Es la semana santa que han vivido los barrios desde siempre. La de mi abuela con su silla de enea en la calle Parras, o de las familias que quedan para almorzar el domingo de Ramos en el Porvenir. Una semana hecha de detalles como el runrún de un rosario rozando el varal de un palio por la calle feria. Recuerdos que se aprenden desde chico y se quedan grabados para siempre en la memoria del niño que fuimos.

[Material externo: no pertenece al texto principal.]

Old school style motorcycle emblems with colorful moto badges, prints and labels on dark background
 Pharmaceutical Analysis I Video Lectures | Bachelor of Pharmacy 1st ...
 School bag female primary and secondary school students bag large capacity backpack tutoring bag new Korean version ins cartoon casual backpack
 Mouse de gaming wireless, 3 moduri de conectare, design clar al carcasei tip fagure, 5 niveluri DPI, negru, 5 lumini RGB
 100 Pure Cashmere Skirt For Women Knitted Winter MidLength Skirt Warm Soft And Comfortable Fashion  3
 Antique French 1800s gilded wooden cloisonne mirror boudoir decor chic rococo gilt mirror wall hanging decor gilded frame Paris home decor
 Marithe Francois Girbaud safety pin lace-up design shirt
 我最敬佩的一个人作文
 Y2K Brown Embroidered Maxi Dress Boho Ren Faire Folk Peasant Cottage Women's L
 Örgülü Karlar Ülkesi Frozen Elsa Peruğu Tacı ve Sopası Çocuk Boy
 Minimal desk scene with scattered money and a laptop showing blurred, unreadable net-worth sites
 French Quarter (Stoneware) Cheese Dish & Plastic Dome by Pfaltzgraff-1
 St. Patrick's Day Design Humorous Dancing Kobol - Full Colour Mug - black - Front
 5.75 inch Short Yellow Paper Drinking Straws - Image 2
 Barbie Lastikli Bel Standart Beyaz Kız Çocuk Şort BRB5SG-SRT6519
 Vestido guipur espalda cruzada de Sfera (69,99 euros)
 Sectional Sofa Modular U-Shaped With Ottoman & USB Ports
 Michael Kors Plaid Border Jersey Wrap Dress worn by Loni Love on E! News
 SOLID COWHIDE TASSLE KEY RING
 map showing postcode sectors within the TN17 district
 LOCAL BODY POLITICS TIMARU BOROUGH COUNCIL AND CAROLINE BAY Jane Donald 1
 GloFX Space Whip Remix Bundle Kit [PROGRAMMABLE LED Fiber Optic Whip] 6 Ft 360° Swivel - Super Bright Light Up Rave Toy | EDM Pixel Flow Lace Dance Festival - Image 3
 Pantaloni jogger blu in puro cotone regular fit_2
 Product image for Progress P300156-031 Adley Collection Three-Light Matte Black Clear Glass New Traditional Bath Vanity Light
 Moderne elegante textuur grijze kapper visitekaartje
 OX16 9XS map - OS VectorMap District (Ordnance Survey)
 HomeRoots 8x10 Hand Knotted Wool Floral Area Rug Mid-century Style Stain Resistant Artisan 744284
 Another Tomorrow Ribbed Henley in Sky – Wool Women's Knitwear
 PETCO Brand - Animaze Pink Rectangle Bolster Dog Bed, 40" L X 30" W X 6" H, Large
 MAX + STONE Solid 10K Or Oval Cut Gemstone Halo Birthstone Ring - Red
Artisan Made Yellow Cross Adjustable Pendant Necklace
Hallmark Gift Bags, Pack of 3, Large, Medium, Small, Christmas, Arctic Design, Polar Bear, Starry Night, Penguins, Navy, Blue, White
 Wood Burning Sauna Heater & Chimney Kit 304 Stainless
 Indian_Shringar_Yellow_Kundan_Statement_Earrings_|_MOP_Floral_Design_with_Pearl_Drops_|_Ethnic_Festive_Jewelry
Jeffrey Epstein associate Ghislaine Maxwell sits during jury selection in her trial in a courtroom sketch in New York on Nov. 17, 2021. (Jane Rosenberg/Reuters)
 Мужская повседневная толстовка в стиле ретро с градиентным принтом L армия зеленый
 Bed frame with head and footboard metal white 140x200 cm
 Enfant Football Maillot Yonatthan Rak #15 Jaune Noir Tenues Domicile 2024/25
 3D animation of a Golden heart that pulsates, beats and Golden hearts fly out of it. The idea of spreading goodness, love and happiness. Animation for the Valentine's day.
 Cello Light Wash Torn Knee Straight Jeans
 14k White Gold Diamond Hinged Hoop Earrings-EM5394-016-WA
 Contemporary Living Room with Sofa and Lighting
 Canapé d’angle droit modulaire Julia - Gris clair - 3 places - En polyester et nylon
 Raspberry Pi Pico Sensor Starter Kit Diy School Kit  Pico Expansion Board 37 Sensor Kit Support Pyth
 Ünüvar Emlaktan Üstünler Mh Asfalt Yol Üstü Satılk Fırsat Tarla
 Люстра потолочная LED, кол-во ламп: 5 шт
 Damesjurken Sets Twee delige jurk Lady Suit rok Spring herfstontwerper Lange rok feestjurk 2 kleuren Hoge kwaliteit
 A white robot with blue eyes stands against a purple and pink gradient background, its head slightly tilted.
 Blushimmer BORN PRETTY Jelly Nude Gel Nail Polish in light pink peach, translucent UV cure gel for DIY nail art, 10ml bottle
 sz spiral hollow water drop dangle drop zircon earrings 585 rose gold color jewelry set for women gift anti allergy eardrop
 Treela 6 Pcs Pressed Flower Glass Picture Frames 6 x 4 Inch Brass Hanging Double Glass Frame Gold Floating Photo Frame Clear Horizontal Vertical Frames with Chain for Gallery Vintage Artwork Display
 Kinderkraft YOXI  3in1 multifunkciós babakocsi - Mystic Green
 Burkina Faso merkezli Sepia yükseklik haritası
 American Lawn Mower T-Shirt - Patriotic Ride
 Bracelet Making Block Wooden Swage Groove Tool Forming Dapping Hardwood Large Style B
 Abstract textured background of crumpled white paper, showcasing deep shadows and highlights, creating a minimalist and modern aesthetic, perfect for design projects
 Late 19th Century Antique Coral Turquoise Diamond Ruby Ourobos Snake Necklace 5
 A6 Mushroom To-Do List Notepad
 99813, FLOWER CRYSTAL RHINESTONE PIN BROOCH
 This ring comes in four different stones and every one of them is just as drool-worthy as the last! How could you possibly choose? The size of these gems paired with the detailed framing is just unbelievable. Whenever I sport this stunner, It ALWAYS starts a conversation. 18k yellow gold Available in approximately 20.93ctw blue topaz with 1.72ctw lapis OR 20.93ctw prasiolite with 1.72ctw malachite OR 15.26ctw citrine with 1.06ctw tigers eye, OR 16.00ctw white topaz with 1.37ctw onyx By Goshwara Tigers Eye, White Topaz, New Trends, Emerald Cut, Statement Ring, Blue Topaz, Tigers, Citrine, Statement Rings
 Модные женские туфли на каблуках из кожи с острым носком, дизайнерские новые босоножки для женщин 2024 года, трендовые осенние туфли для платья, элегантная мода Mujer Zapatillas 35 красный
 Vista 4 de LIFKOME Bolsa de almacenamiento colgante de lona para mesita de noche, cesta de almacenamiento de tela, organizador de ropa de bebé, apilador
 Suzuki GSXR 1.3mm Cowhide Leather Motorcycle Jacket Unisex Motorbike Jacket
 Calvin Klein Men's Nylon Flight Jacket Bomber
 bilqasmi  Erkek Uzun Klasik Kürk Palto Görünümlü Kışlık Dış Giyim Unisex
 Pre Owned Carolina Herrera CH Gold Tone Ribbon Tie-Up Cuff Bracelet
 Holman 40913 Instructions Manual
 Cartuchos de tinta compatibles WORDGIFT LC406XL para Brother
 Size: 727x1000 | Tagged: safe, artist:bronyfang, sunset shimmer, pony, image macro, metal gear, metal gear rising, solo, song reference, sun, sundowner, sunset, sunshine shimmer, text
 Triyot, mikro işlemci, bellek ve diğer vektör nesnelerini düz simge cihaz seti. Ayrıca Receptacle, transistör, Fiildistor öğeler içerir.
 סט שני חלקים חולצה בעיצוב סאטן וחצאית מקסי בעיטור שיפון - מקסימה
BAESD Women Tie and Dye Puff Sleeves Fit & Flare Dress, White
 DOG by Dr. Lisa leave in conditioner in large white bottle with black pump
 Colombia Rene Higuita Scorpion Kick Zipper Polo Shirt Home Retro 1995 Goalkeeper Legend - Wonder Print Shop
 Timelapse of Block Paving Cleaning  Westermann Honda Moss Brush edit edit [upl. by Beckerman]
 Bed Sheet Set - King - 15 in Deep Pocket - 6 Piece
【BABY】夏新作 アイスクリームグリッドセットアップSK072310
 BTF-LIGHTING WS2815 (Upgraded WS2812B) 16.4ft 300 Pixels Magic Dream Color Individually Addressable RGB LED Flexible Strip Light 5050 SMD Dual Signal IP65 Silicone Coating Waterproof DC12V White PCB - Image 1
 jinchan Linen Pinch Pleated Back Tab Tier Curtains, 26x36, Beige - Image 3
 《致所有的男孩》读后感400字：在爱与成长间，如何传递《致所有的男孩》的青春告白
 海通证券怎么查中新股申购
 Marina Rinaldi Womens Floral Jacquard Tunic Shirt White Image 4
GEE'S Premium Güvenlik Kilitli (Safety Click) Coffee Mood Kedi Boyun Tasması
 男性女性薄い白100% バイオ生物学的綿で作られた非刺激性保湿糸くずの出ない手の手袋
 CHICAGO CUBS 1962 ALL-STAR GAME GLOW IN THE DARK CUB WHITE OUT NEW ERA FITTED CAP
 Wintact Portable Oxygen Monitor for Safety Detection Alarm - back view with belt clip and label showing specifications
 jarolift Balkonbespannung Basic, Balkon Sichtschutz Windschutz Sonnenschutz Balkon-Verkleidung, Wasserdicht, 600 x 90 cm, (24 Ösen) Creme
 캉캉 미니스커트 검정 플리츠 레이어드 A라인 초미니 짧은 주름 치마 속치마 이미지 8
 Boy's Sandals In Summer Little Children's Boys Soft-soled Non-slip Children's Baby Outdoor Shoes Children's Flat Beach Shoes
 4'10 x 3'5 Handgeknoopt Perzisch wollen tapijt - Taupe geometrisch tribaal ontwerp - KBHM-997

Con la edad se inventan nuevos ritos personales y se nos clavan en la cabeza nuevos detalles que se siguen repitiendo mágicamente año tras año. Puede ser la voz de un capataz a la entrada del puente de Triana ordenando a los costaleros “Vámonos pa Sevilla”; o el sonido de una flauta mientras la virgen del museo huye de su plaza; los estudiantes que buscan los sones del gaudeamus iguitur en el andén de la Universidad; la gente del Cerro intentando oír el himno de Andalucía al salir su paso. Cada familia, cada persona, sin que importen las clases sociales, tiene sus detalles propios de estos días. Los de tu barrio, o los de tu historia personal. Los coleccionan como los niños las bolas de cera. Y los guardan de un año para otro para volver a ser lo que fuimos. Semana Santa son las torrijas que hacía tu abuela y que nos anuncian un pequeño paraíso. Por eso nos echamos a las calles.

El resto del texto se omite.